> **Directions**
Each record is to be duplicated exactly, with nothing added.

Stored data entries:
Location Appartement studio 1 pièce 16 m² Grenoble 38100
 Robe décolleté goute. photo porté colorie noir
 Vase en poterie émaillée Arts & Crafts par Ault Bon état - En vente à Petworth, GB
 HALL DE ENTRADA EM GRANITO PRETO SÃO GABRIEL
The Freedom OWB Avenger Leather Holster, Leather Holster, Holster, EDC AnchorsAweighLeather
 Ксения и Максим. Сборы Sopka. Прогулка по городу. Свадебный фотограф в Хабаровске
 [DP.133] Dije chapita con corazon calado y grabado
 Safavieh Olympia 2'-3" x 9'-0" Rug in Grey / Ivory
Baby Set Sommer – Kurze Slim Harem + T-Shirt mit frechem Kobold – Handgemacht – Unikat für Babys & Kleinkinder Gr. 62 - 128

> **Written answer**
Location Appartement studio 1 pièce 16 m² Grenoble 38100
 Robe décolleté goute. photo porté colorie noir
 Vase en poterie émaillée Arts & Crafts par Ault Bon état - En vente à Petworth, GB
 HALL DE ENTRADA EM GRANITO PRETO SÃO GABRIEL
The Freedom OWB Avenger Leather Holster, Leather Holster, Holster, EDC AnchorsAweighLeather
 Ксения и Максим. Сборы Sopka. Прогулка по городу. Свадебный фотограф в Хабаровске
 [DP.133] Dije chapita con corazon calado y grabado
 Safavieh Olympia 2'-3" x 9'-0" Rug in Grey / Ivory
Baby Set Sommer – Kurze Slim Harem + T-Shirt mit frechem Kobold – Handgemacht – Unikat für Babys & Kleinkinder Gr. 62 - 128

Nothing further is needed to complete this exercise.